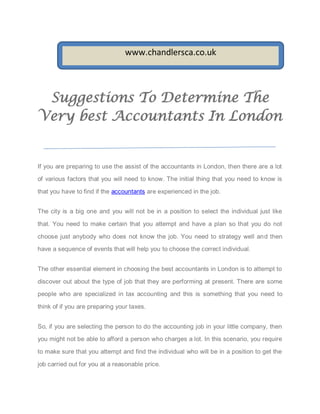 www.chandlersca.co.uk



 Suggestions To Determine The
Very best Accountants In London


If you are preparing to use the assist of the accountants in London, then there are a lot

of various factors that you will need to know. The initial thing that you need to know is

that you have to find if the accountants are experienced in the job.


The city is a big one and you will not be in a position to select the individual just like

that. You need to make certain that you attempt and have a plan so that you do not

choose just anybody who does not know the job. You need to strategy well and then

have a sequence of events that will help you to choose the correct individual.


The other essential element in choosing the best accountants in London is to attempt to

discover out about the type of job that they are performing at present. There are some
people who are specialized in tax accounting and this is something that you need to

think of if you are preparing your taxes.


So, if you are selecting the person to do the accounting job in your little company, then

you might not be able to afford a person who charges a lot. In this scenario, you require

to make sure that you attempt and find the individual who will be in a position to get the

job carried out for you at a reasonable price.
 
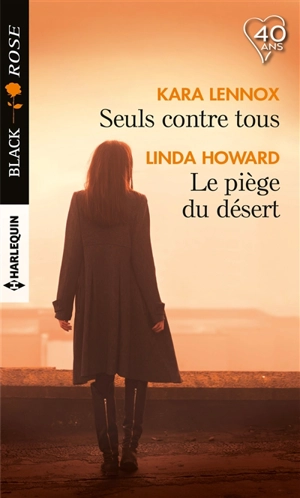 Seuls contre tous. Le piège du désert - Linda Howard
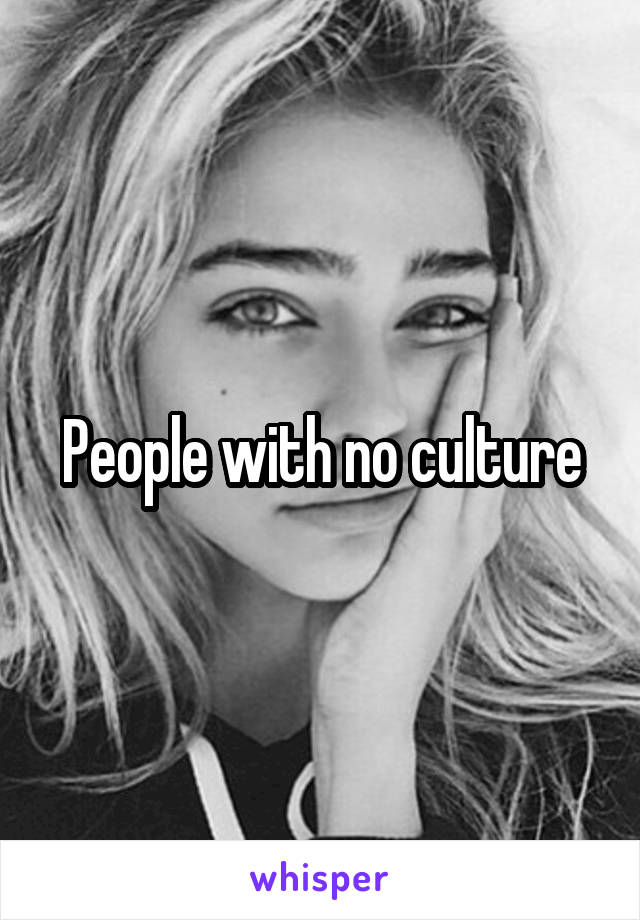 People with no culture
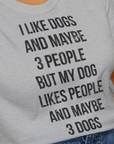 I Like Dogs And Maybe 3 People..., Unisex T-Shirt-lustiger Spruch auf bequemen Shirt für Hundeliebhaber, Design by Dog Gang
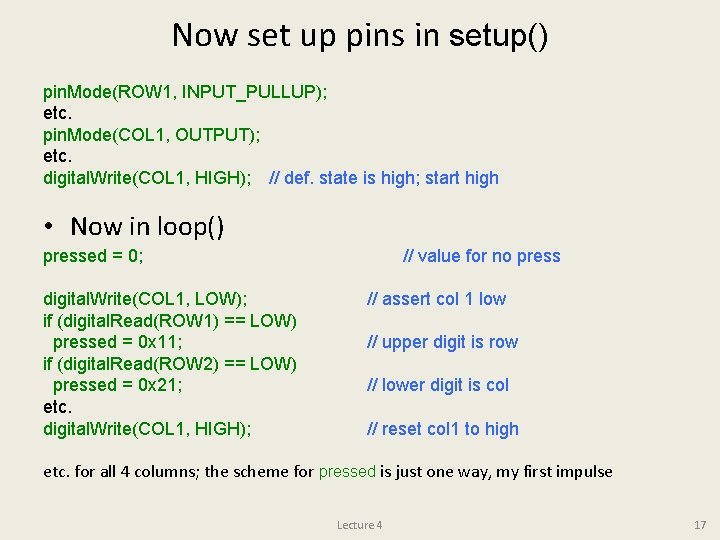 Now set up pins in setup() pin. Mode(ROW 1, INPUT_PULLUP); etc. pin. Mode(COL 1,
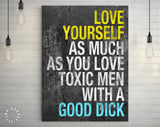 Love Yourself Canvas Print // Love Yourself As Much As You Love Toxic Men With A Good Dick // Motivational Quote // Girlfriend Gift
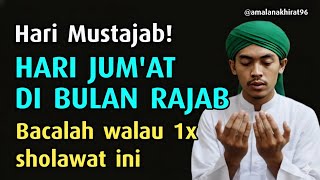 Download lagu Hari Jum'at di Bulan Rajab rugi tidak membaca sholawat ini walau 1x mp3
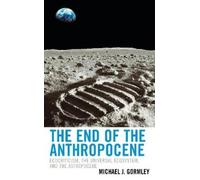Michael J. Gormley The End of the Anthropocene (Tascabile)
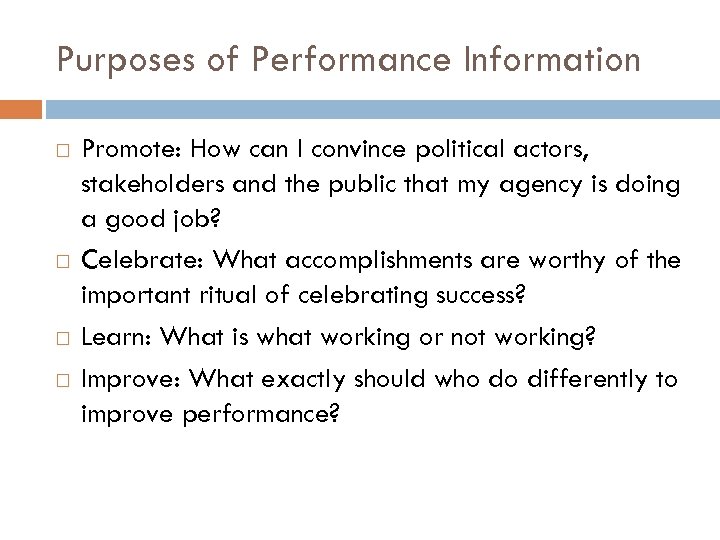 Purposes of Performance Information Promote: How can I convince political actors, stakeholders and the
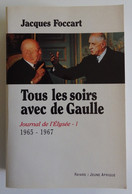 Tous Les Soirs Avec DE GAULLE, Journal De L'Elysée-I 1965-1967- Par Jacques Foccart, Excellent état - Geschiedenis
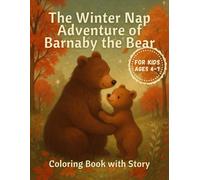 The Winter Nap Adventure of Barnaby the Bear: A Story and Coloring Book for Kids Ages 4-7 | A Heartwarming Winter Adventure with Cute Bears and Forest Friends to Read and Color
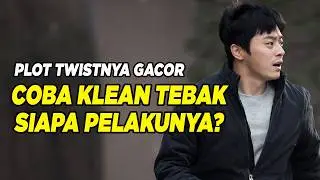 ADA FILM KOREA SEDAHSYAT INI, PLOT TWIST NYA EDAN !! BAGUS BGT KISAHNYA - Rangkum Tuntas Drama Korea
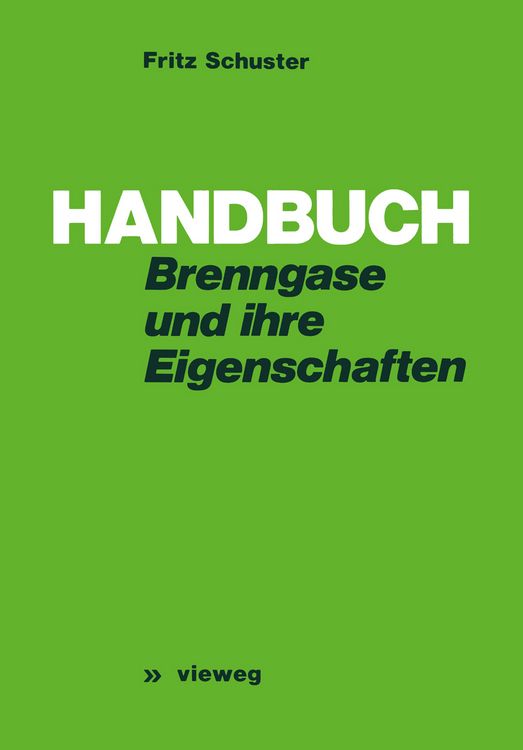 Produktbild: Handbuch der Brenngase und ihrer Eigenschaften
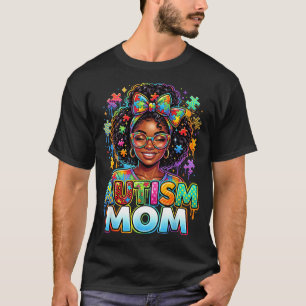 Autismus-Mutter Schwarze Frauen Unordentlicher Dut T-Shirt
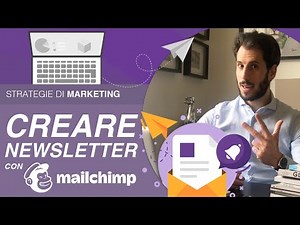 Creare una newsletter efficace con mailchimp | GUIDA PRATICA | Mail marketing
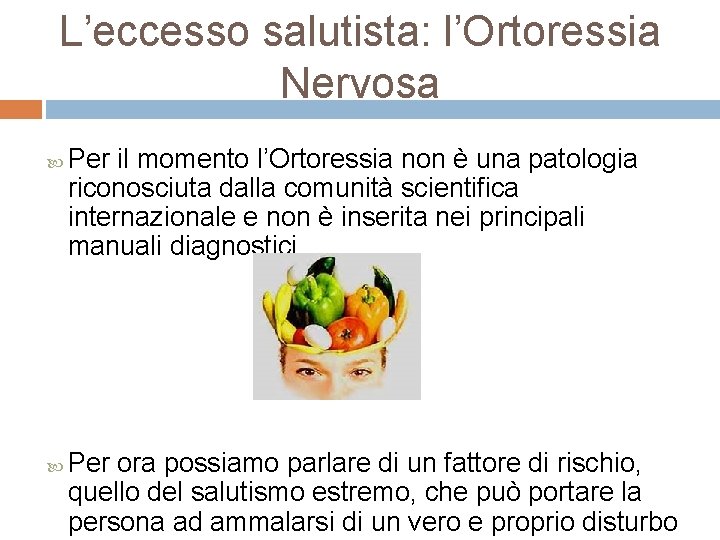 L’eccesso salutista: l’Ortoressia Nervosa Per il momento l’Ortoressia non è una patologia riconosciuta dalla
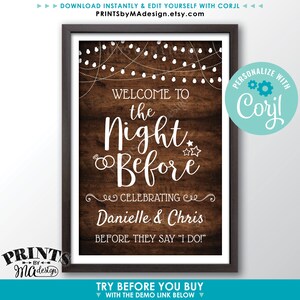 May include: A printable sign with a rustic wood background and white text that says "Welcome to the Night Before Celebrating Danielle & Chris Before They Say "I Do!"  The sign is decorated with white string lights and stars.  The text "Personalize with Corjl" is in a circle with a gear icon.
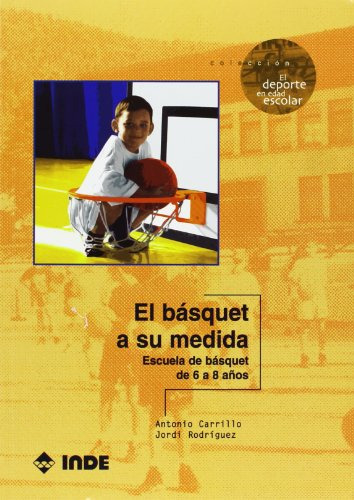 Libro Basquet A Su Medida El De Carrillo Ruiz Antonio Grupo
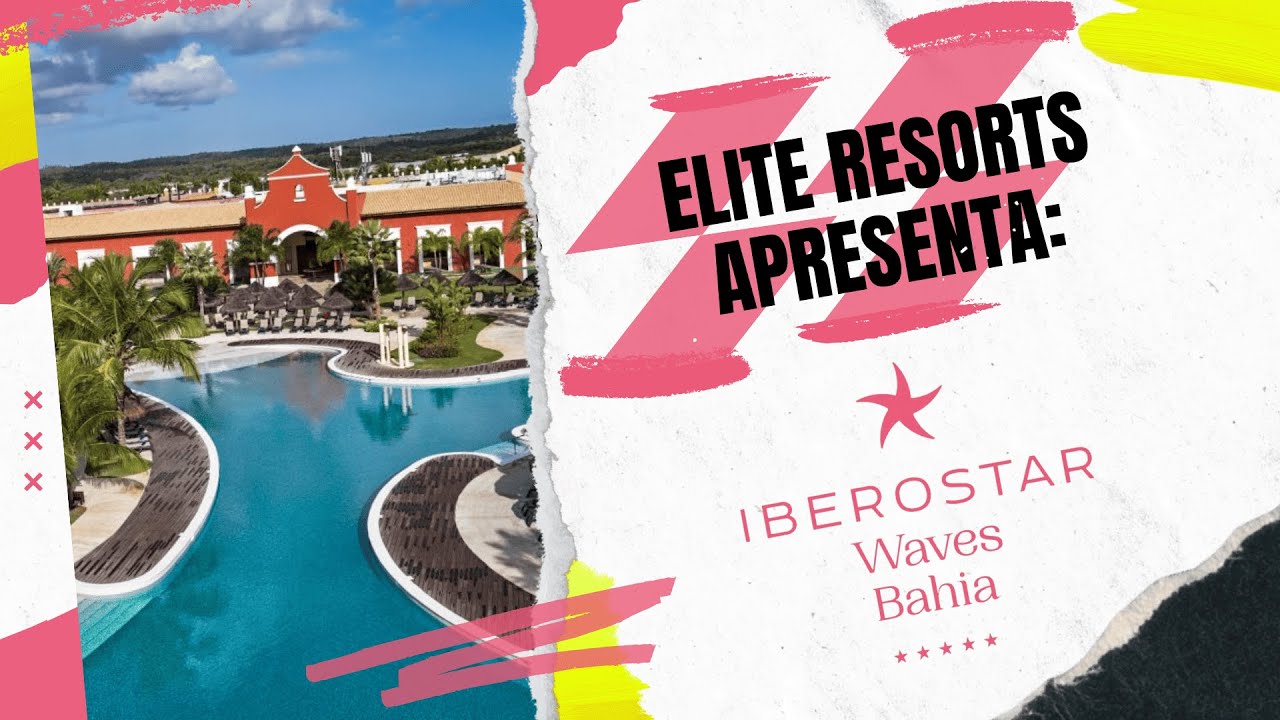 Elite Apresenta - Iberostar Waves Bahia, luxo e sustentabilidade à beira-mar em Praia do Forte!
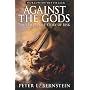 Against the Gods: The Remarkable Story of Risk von Peter L. Bernstein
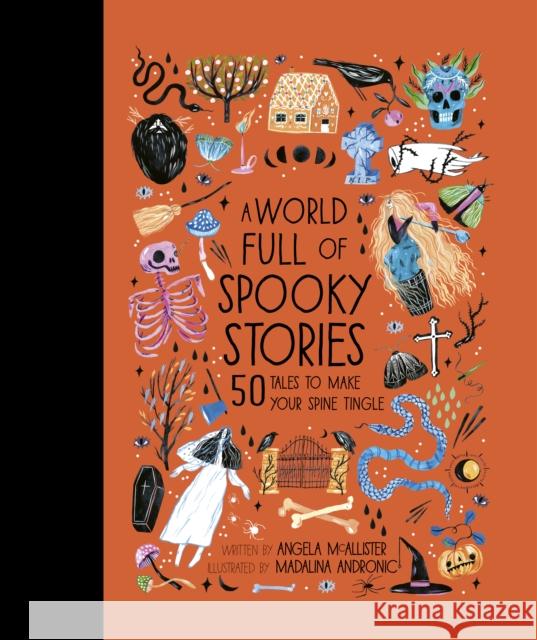 A World Full of Spooky Stories: 50 Tales to Make Your Spine Tingle McAllister, Angela 9780711241473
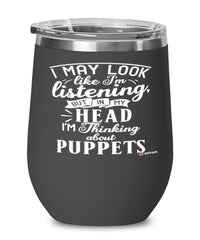 Funny Puppetry Wine Glass I May Look Like I'm Listening But In My Head I'm Thinking About Puppets 12oz Stainless Steel Black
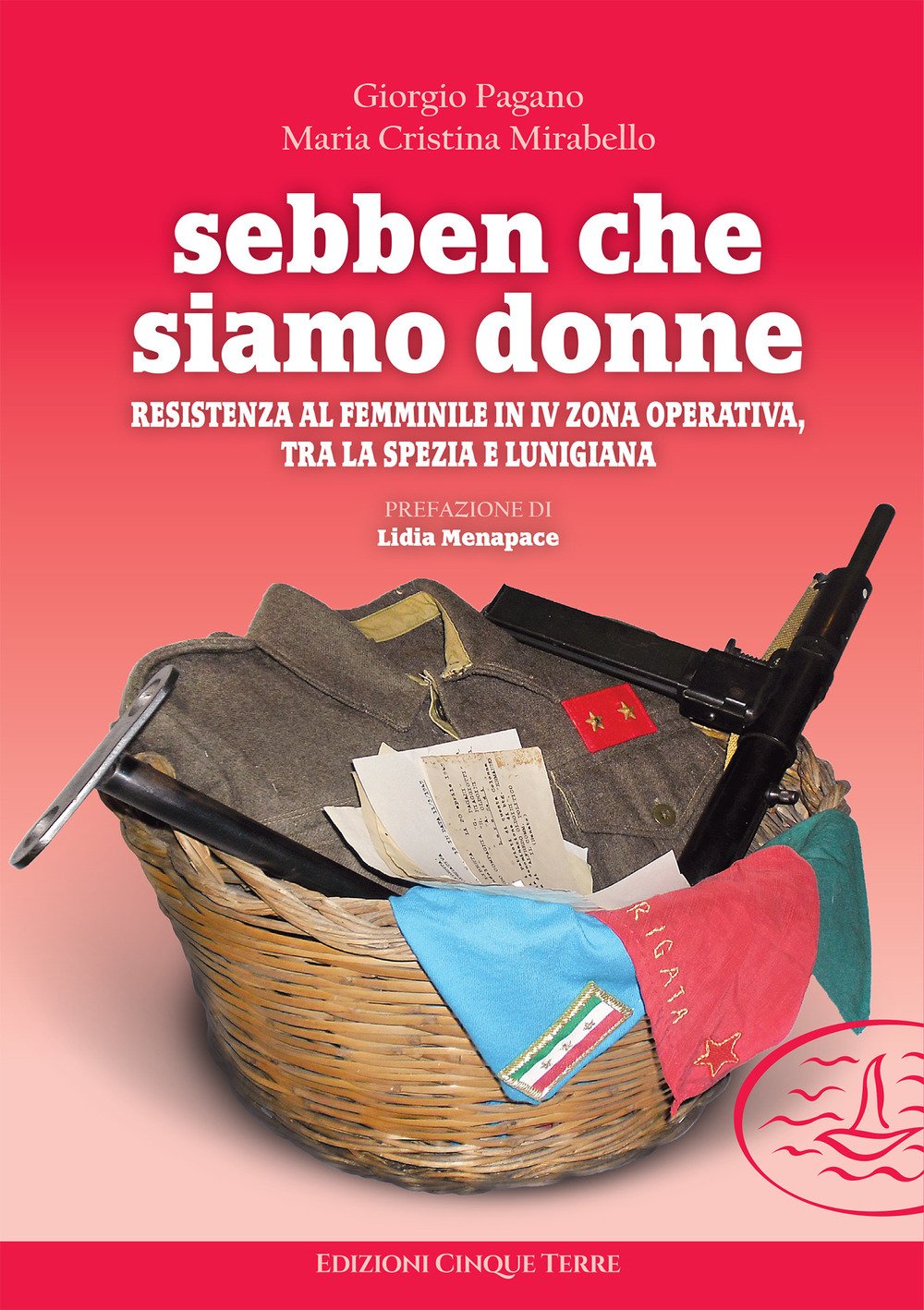 Sebben che siamo donne. Resistenza al femminile in IV zona operativa, tra La Spezia e Lunigiana book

## [PROBLEM REQUIREMENTS]
Write out every line from the data above that includes "individual".

## [TASK OUTPUT]
The city is a big one and you will not be in a position to select the individual just like
have a sequence of events that will help you to choose the correct individual.
to make sure that you attempt and find the individual who will be in a position to get the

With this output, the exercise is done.